URL Parts

Level: Intermediate 30–60 min

Concepts: ParsingStrings

Solutions: C# | TypeScript | Python


Decomposes a given URL into its parts.

For example when the URL http://www.tddbuddy.com is decomposed into its parts.

PartValue
Protocolhttp
Subdomainwww
Domaintddbuddy.com
Port80 (Default for HTTP)
Path” (Empty in our case)

Please be sure to handle the following:

  • Only top level domains like .com or .net.
    • Do not worry second level domains like .co.uk or co.za
  • Only the protocols specified in the default ports section below.
  • Be sure to deal with local network hostname only cases. E.g. http://localhost

Do not use built-in classes like Uri to solve this.

Default Ports

http: 80, https: 443, ftp: 21, sftp: 22

Examples

Examples
URL: http://foo.bar.com/foobar.html
Protocol: http
Subdomain: foo
Domain name: bar.com
Port: 80
Path: foobar.html
URL: https://www.foobar.com:8080/download/install.exe
Protocol: https
Subdomain: www
Domain name: foobar.com
Port: 8080
Path: download/installer.exe
URL: ftp://foo.com:9000/files
Protocol: ftp
Subdomain: '' (empty string)
Domain name: foo.com
Port: 9000
Path: files
URL: https://localhost/index.html#footer
Protocol: https
Subdomain: '' (empty string)
Domain name: localhost
Port: 443
Path: index.html

Hints

Exclude the leading / when handling path. E.g. /download becomes download.

URL Grammar

Below is a EBNF like grammar for a URL as per this kata.

url = protocol ”://” [subdomain] host [top-level-domain] [”:” port] [path] [”?” parameters] [”#” anchor]

protocol = “http” | “https” | “ftp” | “sftp”

subdomain = alphanumeric string starting with alpha

host = alphanumeric string

top-level-domain = “.com” | “.net” | “.org” | “.int” | “.edu” | “.gov” | “.mil”

port = numeric

path = alphanumeric string

parameters = alphanumeric string

anchor = alphanumeric string

Reference Walkthrough

Reference implementations in C#, TypeScript, and Python live at tddbuddy-reference-katas/url-parts. Ten shared scenarios cover the four protocols (http, https, ftp, sftp) with their default ports, explicit ports, paths with and without query strings, fragments, and the bare localhost host — satisfied identically across all three languages.

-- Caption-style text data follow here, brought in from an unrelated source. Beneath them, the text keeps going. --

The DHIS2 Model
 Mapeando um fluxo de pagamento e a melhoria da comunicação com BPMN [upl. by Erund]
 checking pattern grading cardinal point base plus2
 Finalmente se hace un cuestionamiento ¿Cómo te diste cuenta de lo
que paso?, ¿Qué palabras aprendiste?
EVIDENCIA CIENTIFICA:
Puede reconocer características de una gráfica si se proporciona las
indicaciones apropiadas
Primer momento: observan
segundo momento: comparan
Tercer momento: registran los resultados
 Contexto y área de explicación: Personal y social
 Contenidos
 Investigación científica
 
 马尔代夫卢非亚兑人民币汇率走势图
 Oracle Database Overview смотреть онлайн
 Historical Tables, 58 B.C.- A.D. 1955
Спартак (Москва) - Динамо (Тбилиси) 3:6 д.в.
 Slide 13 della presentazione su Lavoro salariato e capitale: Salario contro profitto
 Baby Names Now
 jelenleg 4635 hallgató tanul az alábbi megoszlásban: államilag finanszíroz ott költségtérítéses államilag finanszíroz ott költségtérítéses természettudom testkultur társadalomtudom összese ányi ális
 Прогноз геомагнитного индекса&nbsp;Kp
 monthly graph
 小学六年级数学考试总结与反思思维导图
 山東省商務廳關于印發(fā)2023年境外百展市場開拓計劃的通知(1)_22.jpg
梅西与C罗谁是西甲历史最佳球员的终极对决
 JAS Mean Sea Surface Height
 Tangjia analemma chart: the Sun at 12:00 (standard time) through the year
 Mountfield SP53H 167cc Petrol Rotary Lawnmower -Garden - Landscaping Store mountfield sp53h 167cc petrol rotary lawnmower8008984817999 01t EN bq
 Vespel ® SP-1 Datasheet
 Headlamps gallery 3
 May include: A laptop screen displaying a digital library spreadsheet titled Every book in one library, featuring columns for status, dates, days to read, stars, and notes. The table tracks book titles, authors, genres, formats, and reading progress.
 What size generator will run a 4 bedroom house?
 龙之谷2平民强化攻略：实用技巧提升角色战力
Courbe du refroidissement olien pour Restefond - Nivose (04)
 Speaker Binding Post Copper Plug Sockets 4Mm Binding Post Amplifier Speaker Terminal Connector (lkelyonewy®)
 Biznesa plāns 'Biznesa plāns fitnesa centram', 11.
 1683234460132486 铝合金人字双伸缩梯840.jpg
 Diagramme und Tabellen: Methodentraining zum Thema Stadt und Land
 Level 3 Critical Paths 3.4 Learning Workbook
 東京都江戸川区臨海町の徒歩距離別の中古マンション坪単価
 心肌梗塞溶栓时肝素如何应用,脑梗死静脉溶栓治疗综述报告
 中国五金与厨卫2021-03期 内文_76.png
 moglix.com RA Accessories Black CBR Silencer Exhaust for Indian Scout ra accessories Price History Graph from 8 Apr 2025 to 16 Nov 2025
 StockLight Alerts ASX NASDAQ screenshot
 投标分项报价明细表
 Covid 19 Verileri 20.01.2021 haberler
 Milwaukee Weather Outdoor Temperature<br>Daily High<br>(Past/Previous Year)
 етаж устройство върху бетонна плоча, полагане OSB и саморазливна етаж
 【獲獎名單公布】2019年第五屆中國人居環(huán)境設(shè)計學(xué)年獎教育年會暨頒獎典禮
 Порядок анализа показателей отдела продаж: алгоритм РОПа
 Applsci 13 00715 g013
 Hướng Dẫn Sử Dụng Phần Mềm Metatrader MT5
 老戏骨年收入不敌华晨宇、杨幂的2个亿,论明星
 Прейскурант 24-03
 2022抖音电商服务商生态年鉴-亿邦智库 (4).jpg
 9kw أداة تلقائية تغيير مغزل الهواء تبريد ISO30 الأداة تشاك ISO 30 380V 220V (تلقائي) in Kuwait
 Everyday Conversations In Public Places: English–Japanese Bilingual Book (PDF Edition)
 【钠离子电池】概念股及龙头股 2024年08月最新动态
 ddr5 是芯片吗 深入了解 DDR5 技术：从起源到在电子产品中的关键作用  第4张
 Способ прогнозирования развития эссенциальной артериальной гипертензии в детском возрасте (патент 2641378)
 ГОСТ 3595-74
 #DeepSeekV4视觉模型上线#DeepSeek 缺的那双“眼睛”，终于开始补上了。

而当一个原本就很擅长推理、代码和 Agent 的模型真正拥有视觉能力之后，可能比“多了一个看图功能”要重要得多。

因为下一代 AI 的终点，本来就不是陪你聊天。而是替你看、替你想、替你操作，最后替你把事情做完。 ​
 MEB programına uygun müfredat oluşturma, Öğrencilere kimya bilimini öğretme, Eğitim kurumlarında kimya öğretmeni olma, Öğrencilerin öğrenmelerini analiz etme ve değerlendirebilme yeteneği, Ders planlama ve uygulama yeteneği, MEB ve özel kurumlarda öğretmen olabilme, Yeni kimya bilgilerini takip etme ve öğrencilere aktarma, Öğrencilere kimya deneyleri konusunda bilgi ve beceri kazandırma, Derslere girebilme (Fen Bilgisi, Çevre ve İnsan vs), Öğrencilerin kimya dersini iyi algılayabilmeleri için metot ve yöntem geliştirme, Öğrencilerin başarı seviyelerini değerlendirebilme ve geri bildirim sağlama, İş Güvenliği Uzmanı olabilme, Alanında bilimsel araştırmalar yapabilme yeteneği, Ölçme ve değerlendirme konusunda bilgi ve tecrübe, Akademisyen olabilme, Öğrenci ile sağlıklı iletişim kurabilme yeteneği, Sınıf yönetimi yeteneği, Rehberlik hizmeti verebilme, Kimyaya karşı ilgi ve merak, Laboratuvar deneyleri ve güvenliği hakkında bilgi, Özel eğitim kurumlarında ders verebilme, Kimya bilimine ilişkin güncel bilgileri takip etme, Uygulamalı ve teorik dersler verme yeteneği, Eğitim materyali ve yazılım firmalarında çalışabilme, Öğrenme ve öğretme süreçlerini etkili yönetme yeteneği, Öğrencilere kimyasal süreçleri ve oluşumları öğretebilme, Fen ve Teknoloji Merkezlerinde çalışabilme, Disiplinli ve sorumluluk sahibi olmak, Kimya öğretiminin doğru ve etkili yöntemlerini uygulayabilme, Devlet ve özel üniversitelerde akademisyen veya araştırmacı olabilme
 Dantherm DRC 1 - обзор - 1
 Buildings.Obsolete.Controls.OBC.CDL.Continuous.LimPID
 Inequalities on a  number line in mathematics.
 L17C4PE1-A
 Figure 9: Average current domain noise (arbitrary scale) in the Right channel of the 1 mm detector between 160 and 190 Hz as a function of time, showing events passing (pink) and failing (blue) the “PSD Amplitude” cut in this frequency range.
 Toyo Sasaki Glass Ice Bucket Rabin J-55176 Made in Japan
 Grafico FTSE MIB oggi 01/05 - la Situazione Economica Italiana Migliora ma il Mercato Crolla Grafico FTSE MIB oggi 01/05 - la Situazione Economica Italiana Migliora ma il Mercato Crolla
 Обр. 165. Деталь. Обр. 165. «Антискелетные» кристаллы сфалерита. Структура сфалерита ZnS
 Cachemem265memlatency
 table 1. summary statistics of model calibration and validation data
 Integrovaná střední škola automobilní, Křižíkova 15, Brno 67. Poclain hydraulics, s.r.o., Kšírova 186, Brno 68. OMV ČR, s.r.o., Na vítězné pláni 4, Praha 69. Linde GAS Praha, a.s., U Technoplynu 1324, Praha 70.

This kata ships in Agent Full-Bake mode at high gear (F1 tier): the algorithm is small enough to land as one commit per language. There are no builders — the parse returns a typed UrlParts record (C# record, TS interface, Python @dataclass(frozen=True)) which is a data shape, not a fluent construction API. No regex and no built-in URL classes (System.Uri, new URL, urllib.parse) per the prompt: each language hand-rolls a left-to-right peel — anchor, then parameters, then path, then port, then host — so the order of operations stays visible in the code. See the repo’s Gears section for when high gear is the right call.